RP: ¿Grupos espontáneos o establecidos, formales?
RO: No, nosotros los formábamos. Muchos de esos grupos, sí, eran intervenidos por los partidos políticos para ser controlados, entonces había pugnas que yo intuía, pero no participaba de ellas. Por ejemplo, yo conocí a una psicóloga chilena que tenía un grupo y estaba formando un centro de atención a chilenos. Había muchas personas con problemas psicológicos. Ahí yo empecé a orientarme al mundo de las mujeres porque los hombres chilenos no me gustaban, eran unos tipos arrogantes que posaban de grandes revolucionarios, eran unos imbéciles.

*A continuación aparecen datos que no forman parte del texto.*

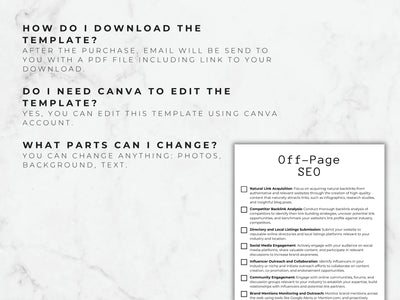 Instructions on how to download and edit a Canva template for Off-Page SEO with a white marble background.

Mira, qué curioso. Hay una cuestión muy interesante de precisar en torno a las mujeres. Con unas compañeras estamos tratando de empezar a escribir la historia de La Morada. Es maravilloso. Entonces nos remontamos al círculo de estudio de la mujer que se formó al principio de la dictadura y cómo todo este trabajo, esta solidaridad espontánea de las ollas comunes, de buscar a los familiares presos, de la cesantía, está conceptualizado en grupos de derechos humanos. En esos tiempos no se llamaban así, era una cuestión espontánea de la solidaridad que surgía a partir de la experiencia de vida, de que estaban solas porque los maridos no tenían plata, se hacía la olla común, etcétera. Entonces ¿cuánto de la conceptualización le quita vida a esas experiencias, o reduce el nombramiento que surge de otro lugar, que es el afecto? Es maravilloso ese paso de la necesidad a la política. Hay una mujer que habla de la política de los afectos. Algo así pasó en el exilio, con esta psicóloga que trataba mujeres. Entonces de ahí se empezaron a armar grupos de solidaridad, de conversaciones, de intercambios. Yo inmediatamente quise armar un grupo de lectura. Ahí empezaron las preguntas: ¿Por qué no hemos leído las mujeres? ¿De qué escriben las mujeres? ¿Qué experiencias de mujeres nos muestra la literatura? Entonces ahí se unieron los intereses políticos y culturales. Nace de esa experiencia personal, de afecciones.